DATA EXTRACTS –
= = = = =
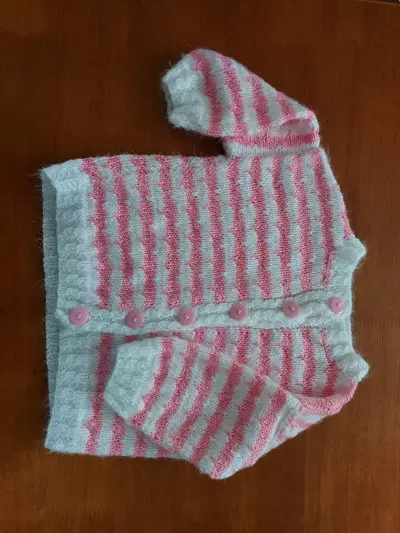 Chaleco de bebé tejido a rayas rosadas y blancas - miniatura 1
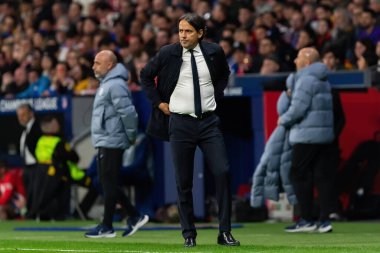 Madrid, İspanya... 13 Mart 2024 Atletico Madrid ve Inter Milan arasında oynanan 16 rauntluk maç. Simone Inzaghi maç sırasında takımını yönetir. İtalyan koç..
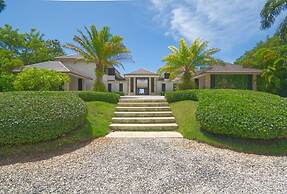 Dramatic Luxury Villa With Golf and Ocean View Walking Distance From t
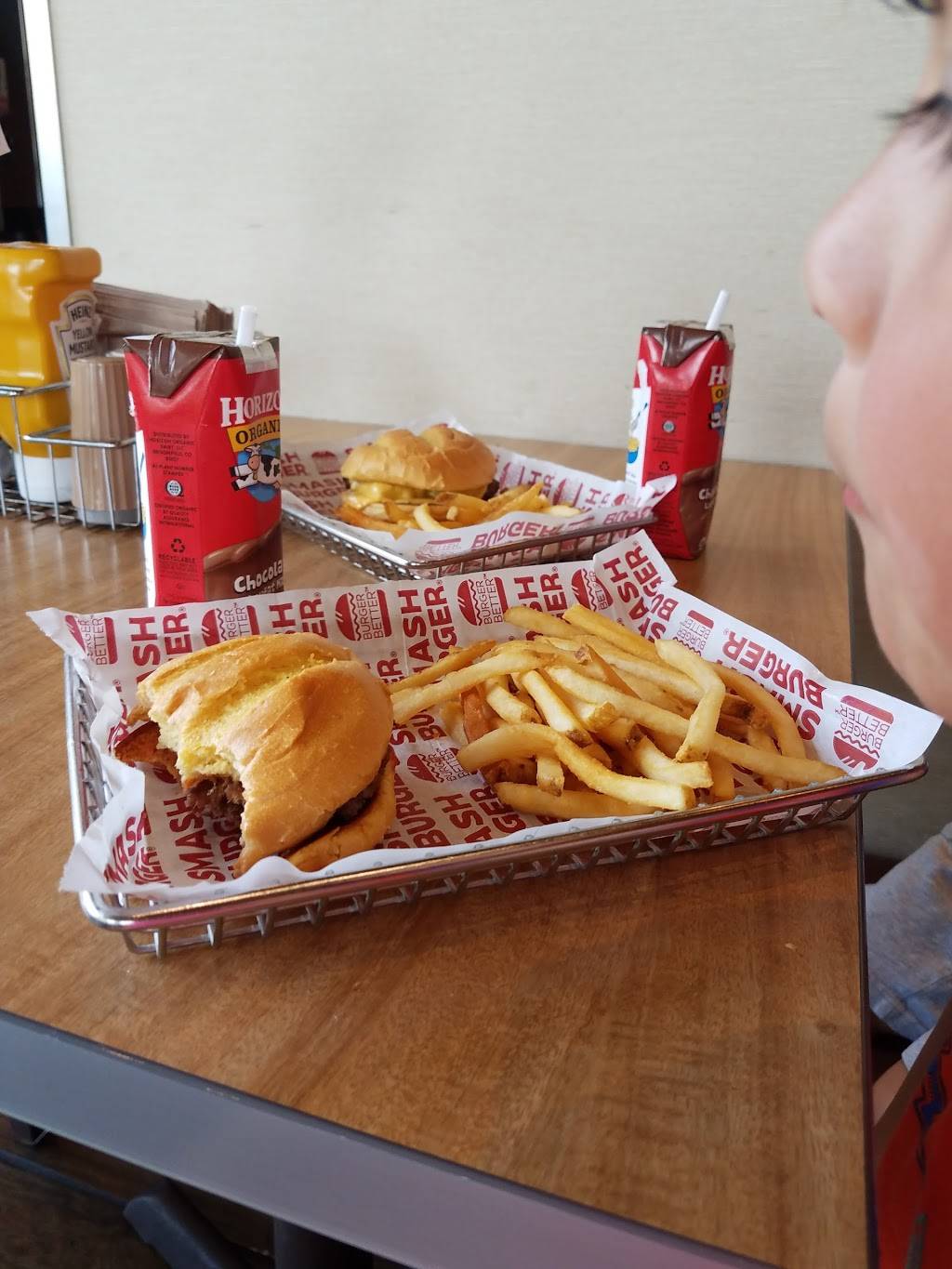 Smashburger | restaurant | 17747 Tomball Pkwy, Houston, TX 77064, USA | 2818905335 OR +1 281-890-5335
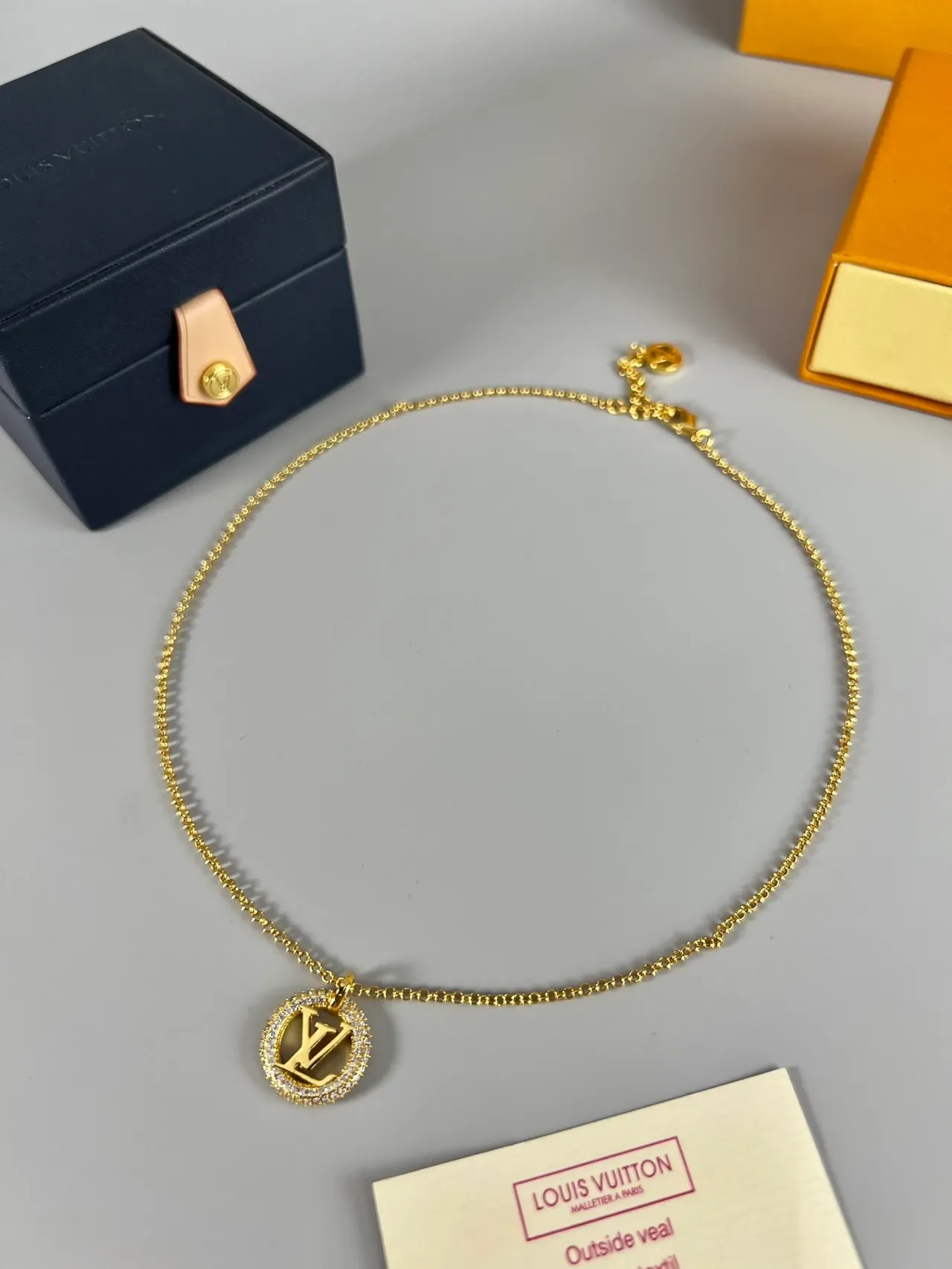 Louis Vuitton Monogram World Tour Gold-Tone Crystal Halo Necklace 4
= = = = =
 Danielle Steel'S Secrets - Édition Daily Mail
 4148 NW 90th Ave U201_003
= = = = =
TASK DESCRIPTION – Return, unchanged, the run of lines above that opens with the line containing "Danielle Steel'S Secrets" and closes with the line containing "4148 NW 90th Ave U201_003". Include both.

ANSWER AREA –
 Danielle Steel'S Secrets - Édition Daily Mail
 4148 NW 90th Ave U201_003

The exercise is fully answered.